(Short web captions)
··········

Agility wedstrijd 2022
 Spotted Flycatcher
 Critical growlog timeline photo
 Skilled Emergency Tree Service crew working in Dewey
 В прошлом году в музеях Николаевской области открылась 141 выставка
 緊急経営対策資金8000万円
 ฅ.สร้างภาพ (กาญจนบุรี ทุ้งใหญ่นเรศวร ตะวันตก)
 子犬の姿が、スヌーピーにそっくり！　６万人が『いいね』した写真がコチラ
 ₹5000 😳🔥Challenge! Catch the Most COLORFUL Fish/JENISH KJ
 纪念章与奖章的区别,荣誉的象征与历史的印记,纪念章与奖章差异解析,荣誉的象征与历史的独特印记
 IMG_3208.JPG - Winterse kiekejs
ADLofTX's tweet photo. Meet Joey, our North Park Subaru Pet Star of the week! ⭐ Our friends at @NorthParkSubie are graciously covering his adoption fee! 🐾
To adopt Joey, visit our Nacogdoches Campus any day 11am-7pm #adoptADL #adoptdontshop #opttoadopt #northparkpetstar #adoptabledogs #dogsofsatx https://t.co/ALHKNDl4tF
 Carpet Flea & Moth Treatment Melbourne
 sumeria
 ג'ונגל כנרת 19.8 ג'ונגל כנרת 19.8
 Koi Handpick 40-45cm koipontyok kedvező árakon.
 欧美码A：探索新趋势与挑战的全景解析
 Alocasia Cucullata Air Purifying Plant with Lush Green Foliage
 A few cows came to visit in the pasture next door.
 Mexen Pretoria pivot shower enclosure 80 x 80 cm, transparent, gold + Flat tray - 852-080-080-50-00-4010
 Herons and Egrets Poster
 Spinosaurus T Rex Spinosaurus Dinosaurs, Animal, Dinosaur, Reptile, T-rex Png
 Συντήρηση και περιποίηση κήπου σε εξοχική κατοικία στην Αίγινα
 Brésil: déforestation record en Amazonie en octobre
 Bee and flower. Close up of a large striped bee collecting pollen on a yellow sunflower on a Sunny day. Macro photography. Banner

··········

Look at the records above. Copy every line where the string "visit" occurs.

To adopt Joey, visit our Nacogdoches Campus any day 11am-7pm #adoptADL #adoptdontshop #opttoadopt #northparkpetstar #adoptabledogs #dogsofsatx https://t.co/ALHKNDl4tF
 A few cows came to visit in the pasture next door.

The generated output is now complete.